§ YOUR OBJECTIVE: Collect the lines of the entries where "sede" shows up.

§ RECORD EXCERPTS:
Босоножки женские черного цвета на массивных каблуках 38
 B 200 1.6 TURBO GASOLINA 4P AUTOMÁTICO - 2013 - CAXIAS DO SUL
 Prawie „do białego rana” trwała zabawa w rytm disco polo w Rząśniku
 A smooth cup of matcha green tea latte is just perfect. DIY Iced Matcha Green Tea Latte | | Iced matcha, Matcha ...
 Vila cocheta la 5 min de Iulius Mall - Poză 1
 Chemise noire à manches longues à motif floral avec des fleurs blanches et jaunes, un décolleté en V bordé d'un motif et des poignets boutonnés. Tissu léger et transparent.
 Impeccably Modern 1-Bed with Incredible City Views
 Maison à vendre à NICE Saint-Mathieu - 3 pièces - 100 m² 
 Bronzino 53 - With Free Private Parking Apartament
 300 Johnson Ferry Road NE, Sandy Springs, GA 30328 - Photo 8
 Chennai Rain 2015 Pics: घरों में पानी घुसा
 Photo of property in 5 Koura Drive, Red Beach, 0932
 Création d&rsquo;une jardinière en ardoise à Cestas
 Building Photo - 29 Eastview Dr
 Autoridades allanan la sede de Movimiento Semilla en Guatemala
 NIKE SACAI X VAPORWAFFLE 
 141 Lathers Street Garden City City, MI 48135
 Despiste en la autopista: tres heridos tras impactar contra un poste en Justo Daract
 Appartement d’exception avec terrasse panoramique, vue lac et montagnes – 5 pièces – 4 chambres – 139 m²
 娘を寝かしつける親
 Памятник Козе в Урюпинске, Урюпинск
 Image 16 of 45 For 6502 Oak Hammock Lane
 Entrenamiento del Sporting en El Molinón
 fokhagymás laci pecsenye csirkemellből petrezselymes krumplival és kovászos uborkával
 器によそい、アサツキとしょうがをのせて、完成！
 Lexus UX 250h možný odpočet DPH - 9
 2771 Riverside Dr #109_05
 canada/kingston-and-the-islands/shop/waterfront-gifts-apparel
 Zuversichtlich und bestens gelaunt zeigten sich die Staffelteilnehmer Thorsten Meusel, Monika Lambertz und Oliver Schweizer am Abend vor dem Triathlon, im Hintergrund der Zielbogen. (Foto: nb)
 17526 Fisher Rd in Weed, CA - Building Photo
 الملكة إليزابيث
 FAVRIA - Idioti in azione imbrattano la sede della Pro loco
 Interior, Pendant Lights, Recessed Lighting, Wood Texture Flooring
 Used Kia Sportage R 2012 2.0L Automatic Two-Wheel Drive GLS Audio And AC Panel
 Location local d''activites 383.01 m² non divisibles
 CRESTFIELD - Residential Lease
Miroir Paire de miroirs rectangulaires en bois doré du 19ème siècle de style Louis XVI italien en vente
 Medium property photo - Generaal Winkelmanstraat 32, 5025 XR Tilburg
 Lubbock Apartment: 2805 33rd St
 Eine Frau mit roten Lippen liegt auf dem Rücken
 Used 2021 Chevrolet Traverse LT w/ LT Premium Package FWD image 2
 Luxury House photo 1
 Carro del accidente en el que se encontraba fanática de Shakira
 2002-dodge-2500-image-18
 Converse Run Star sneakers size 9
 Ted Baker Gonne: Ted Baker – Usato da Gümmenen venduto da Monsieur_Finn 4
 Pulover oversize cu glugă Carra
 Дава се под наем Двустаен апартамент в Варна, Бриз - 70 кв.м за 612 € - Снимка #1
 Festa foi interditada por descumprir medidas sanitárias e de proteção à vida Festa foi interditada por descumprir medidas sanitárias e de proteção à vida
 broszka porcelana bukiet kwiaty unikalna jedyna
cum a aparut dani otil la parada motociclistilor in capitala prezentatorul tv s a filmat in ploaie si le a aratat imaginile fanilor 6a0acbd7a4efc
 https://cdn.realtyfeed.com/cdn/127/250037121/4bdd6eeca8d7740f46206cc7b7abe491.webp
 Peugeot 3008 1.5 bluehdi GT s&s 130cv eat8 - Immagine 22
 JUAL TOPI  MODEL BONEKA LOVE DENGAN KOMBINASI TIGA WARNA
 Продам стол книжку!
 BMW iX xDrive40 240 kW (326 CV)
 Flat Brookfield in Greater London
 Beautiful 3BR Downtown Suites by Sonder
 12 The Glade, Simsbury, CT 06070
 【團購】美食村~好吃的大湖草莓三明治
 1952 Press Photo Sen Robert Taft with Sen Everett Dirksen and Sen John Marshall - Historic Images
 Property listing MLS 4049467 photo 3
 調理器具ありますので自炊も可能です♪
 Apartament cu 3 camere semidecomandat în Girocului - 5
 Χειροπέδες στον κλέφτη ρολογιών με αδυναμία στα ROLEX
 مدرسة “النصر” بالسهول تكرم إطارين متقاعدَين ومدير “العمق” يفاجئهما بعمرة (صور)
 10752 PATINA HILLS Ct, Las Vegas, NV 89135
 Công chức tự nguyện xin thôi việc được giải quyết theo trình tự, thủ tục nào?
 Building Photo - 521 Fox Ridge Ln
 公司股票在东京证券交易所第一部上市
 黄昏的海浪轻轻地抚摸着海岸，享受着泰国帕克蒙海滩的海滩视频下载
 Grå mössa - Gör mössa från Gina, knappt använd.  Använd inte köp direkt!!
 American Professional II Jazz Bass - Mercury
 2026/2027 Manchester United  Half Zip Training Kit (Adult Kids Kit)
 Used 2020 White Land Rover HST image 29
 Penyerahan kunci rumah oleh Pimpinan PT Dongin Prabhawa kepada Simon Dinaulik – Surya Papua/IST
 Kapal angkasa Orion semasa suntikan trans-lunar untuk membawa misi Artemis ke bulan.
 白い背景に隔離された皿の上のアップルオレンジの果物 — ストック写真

§ OUTPUT FOR THIS TASK:
 Autoridades allanan la sede de Movimiento Semilla en Guatemala
 FAVRIA - Idioti in azione imbrattano la sede della Pro loco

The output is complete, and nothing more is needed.